[SGVLUG] Microsoft Reports OSS Unix Beats Windows XP

Mon Nov 14 14:04:45 PST 2005

On 11/13/05, Dustin <laurence at alice.caltech.edu> wrote:
> On Sun, 13 Nov 2005, Chris Smith wrote:
> > On 11/13/05, Dustin <laurence at alice.caltech.edu> wrote:
> > > The last sentence is key.  Yes, you can get higher throughput with "real"
> > > GC (actually, I think ref counting is as "real" as any other method,
> > > unless reaping cycles is fundamental to your definition of GC reality),
> >
> > Hence why I tend to call it "poor man's GC" ;-), although that's a tad
> > unfair as there are circumstances where ref counting is the ideal
> > choice.
>
> I guess I would argue that if you want to make the degree of
> bulletproofing part of the definition, why stop there?

Hey, you're getting me wrong here. I'm agreeing with you that it's a
form of GC, just not a particularly clever one (which is orthogonal as
to whether it might be best for a particular situation).

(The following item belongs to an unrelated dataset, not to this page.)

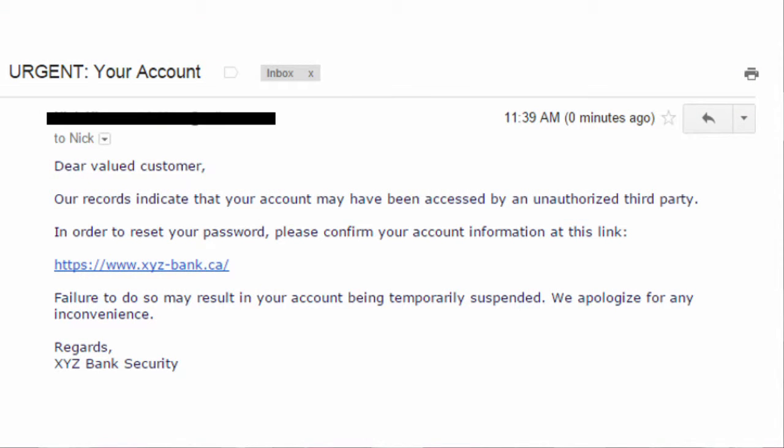For example, an attacker might send you an email claiming that you have a package to pick up or that there's a problem with your account. There are a number of fake reasons they might use, but the goal is to trick you into revealing sensitive information. You should be suspicious whenever someone asks you about sensitive information, like your password, especially over the internet.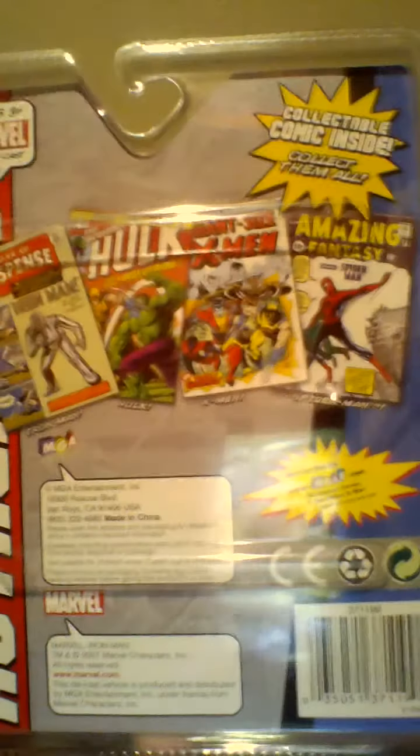Next thing I got is this Iron Man authentic car figure. It's got the first origin comic wrapped around the car, and then you get a little bonus comic. On the back there's some of the other ones you can get. Here's the Spider-Man one — I remember seeing these all over; I wish I picked more of them up. And here's another 66 Batman car. I've got like five of these — one, two, three, four, five. The 66 Batman car is the best.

> > The real benchmarks for this stuff are run in real world scenarios,
> > and so they very much take this in to account. Indeed, you'll find a
> > lot of the higher quality automatic memory management systems
> > specifically have a first generation sized to fit in cache.
>
> It doesn't help as much as advertised:
>
> http://www.cs.umass.edu/~emery/pubs/gcvsmalloc.pdf
>
> concludes via a very clever test rig that you have to occupy about 5x the
> amount of memory needed in order for (their test programs) to run
> comparably (or a bit faster--at least sometimes the usual
> back-of-the-envelope calculation seems to work) to manual deallocation.
> When you don't have that much, it looked like order of magnitude penalties
> compared to manual allocation is realistic.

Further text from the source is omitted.